戦骨の後を追って二時間か三時間ほど歩いていたとき、瘴気や邪気の溢れた沼地に辿り着いた。こんな汚ないところに人が住めるのかと思いつつ、戦骨にいきなり抱き上げられ、沼地の奥に見える小屋まで駆け抜ける。
「っと、到着したぜ」
「……ありがと」
なんか釈然としないと思いながら地面に降りた瞬間、強烈な殺意を感じて虎翼を左手で振り抜き、重々しい剣を弾き上げ、穂先を突き構える。
しかし、その警戒は無意味に終わった。
「戦骨、蛮竜を壊しやがったなァ!!」
「俺じゃねえよ。壊したのは糸色だ」
「いとしきぃ?馬鹿言うな、アイツはもちっと淑やかに振る舞うだろう。ましてやアイツが儂のところまで足を運ぶわけがねえ」
そう言うと禿げた頭の鬼は私を見上げる。吟味や品定めの眼差しに不満を抱きつつ、虎翼を戻して着物の内側に仕舞う。先に攻撃してきたのは禿げ鬼だけど。
蛮竜を壊したのは私だ。
背負っていた蛮竜の柄を差し出す。辛うじて大鉾の柄部分に残っている、ごく僅かな刀身に彼は号泣し、オイオイと鼻水を滴しながら泣き叫ぶ。

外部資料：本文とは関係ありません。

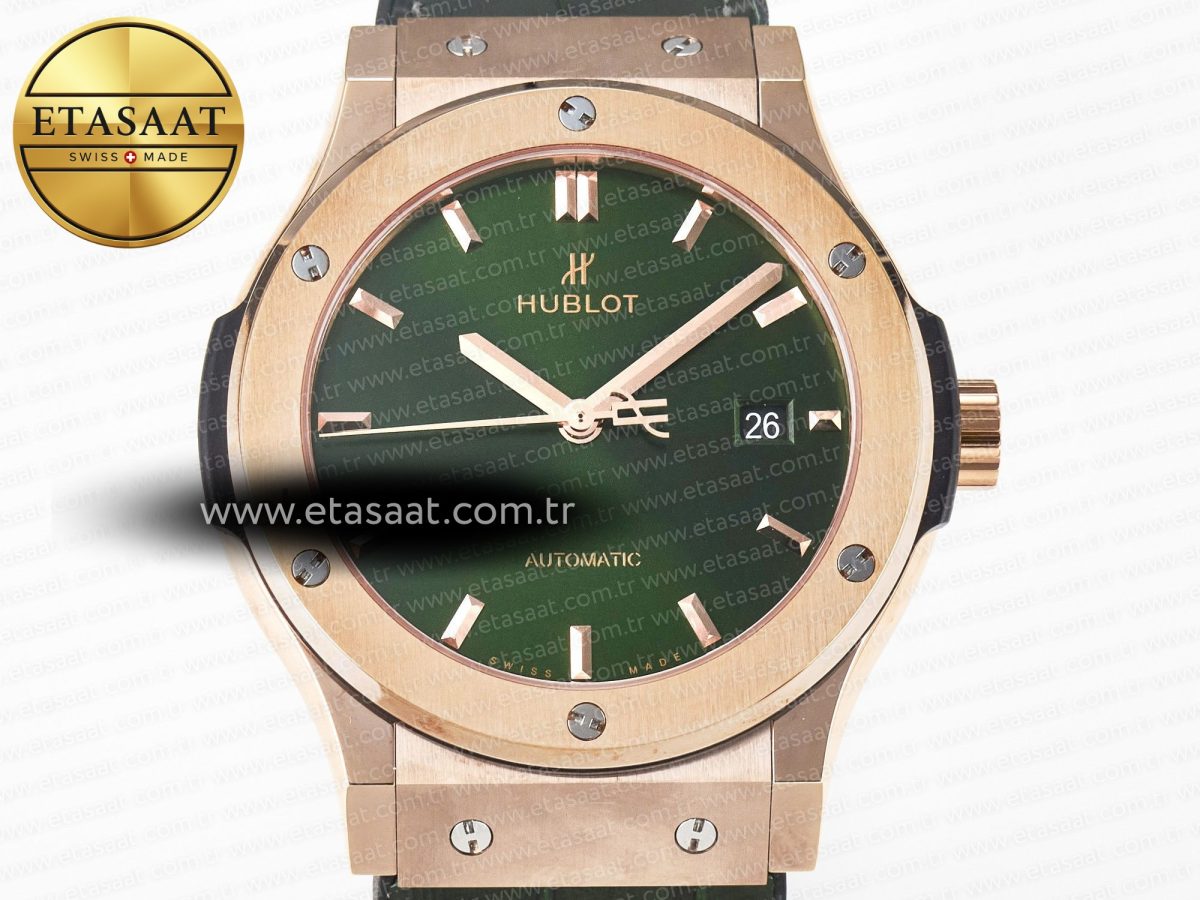Hublot Classic Fusion 42mm RG JJF 1:1 Best Edition Green Dial on Green Gummy Leather Strap - Görsel 4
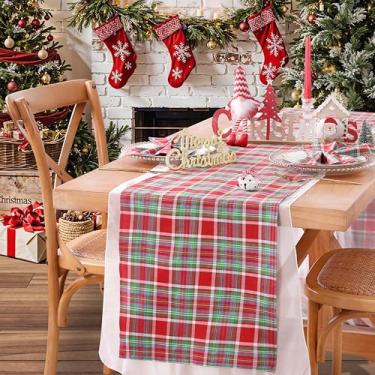 Imagem de Caminho de mesa de Natal xadrez buffalo: caminhos de mesa xadrez vermelho, azul, verde, casa de fazenda, Natal, férias, decoração de cozinha, 33 x 213 cm, 6 pacotes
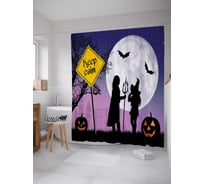 Штора (занавеска) для ванной JoyArty "Встреча ведьм" из сатена, 180х200 см с крючками, sc_4615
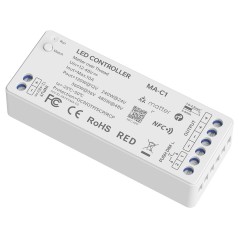 Controlador LED Smart Matter over Thread 12-48V con NFC para tiras DIM, CCT y RGBCW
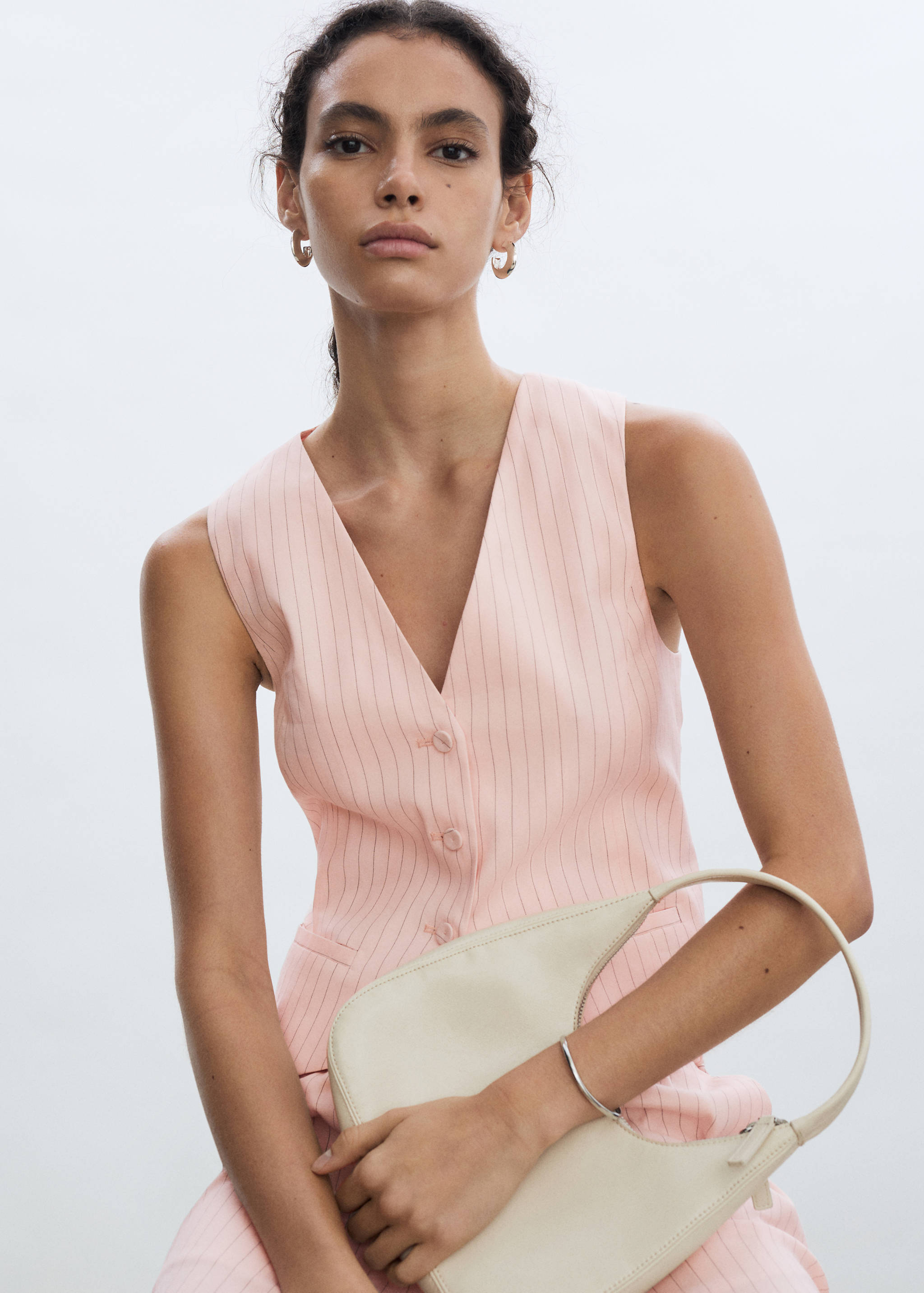 Gilet lin rayures - Plan moyen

「儂の蛮竜がこんな無惨な姿になるなんてぇ…!お前、何と戦ったらこんなのになるんだ!!」
「白面の者と戦っていたとき、竜鱗の力を使って攻撃を吸収しようとした瞬間に砕かれたのよ。もう一度打ち直して貰えないかしら?」
「……微かにあの女の臭いがする。嘘じゃねえな。だが、儂の蛮竜があの白面の者に負けるとは思えねえ粗末に扱ってないだろうな?」
「してないわよ。家宝よ?」
蛮竜の柄を持っていく禿げ鬼に言い返しながら小屋の中に入り、座敷の縁に座って砕かれた蛮竜を見つめる禿げ鬼を眺める。刀々斎にしては雰囲気が違うし、やっぱり先代みたいだな。
「直せる?」
「儂なら直せる。だが、蛮竜の穂先はお前の中だ」
「どういうことだよ、灰刃坊」
かいじんぼう。
全然、刀々斎じゃなかった。
いや、それよりも私の身体の中に蛮竜の穂先が入っているという禿げ鬼の言葉に首を傾げる。確かに、砕けて飛び散る蛮竜の欠片は幾つか受けたけど。
それのことだろうか?
「打ってやる。お前は黙って見てれば良い」
「……分かった」
「戦骨、お前も手伝ってやれ」
「蛮竜との出来事を思い出しとけば問題ない」
二人の言葉に悩ましげに溜め息を吐き、ゆっくりと砕かれた蛮竜を熱し始める禿げ鬼に目線を向け、目を瞑って蛮竜の事を考える。
カァン、カァン、と────。
鉄を打つ音が聴こえる。
強い。強い。ずっと私を支えてくれた蛮竜にまた息吹を与える音色を聴いて、静かに意識が身体の中に向かっていく。熱くまだ戦えると吼える声が聴こえる。